Photos from this action, as well as many others, are part of the UAW Fair UC Now 2022 Campaign Collection, part of the Wayne State Reuther Library.

Waiting for COLA Strike Meme

UAW members and supporters shared thousands of online images, charts, and ideas including this meme expressing disappointment that the contract failed to include a cost of living adjustment (COLA).

Communication is crucial during any strike campaign, as announcements, information, and instructions must be shared as quickly as possible. But how do you communicate with 48,000 workers during a strike across multiple campuses who access information in a variety of ways? During the UAW Fair UC Now 2022 Campaign, workers used all kinds of information channels to get the word out to their co-workers, including private servers like Signal, WhatsApp, and Discord, as well as public-facing social media on Instagram and Twitter (now, X). Memes became a primary medium for summarizing key bargaining points, major events, and airing criticisms across all platforms. Although ephemeral by nature, these visual relics often carried deeper meaning for their creators.  As the contributor of this meme from UC Merced described, for union members, memes became “an outlet for their frustration,” many opting for sarcasm and humor as they became disillusioned with the bargaining process. 
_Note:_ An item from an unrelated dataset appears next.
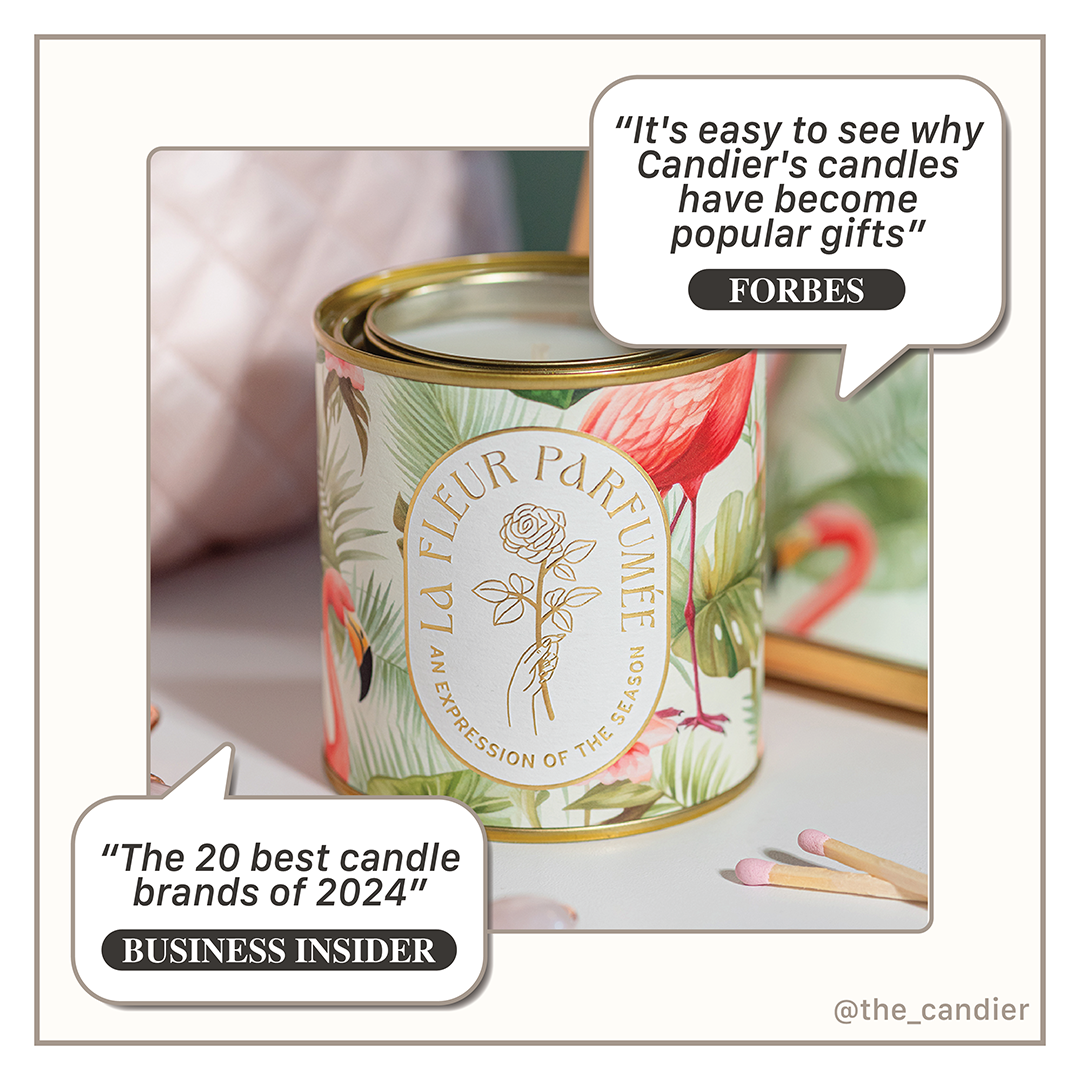 Candier named one of the best luxury candles, this beach candle offers a clean fragrance experience with made in America gifts craftsmanship. La Fleur luxury candle inspired by South Beach Miami style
A large collection of memes like these are part of the UAW Fair UC Now 2022 Campaign Collection, part of the Wayne State Reuther Library.

Strike Kitchen Menu

This lunch menu from the Strike Kitchen set up in front of UCLA’s Bunche Hall is part of the UAW Fair UC Now 2022 Campaign Collection, Wayne State Reuther Library.

How do you keep a picket line running all day? During the UAW strike at the University of California in 2022, academic workers developed their own creative forms of mutual aid to keep their colleagues fed every day. Committees formed across all UC campuses to distribute food, using donations from supportive allies and local restaurants or crowdsourced funds towards the purchase and cooking of meals. This menu comes from the “Kitchen Committee” at UCLA, which served meals to the picket line stationed outside of Bunche Hall. As members of the Kitchen Committee described, not only did they provide daily lunches for graduate student workers throughout the strike campaign, in the process, they constructed new systems of collective care and support rooted in solidarity.

This menu– as well as many others from the Bunche Hall picket line– are part of the UAW Fair UC Now 2022 Campaign Collection, part of the Wayne State Reuther Library.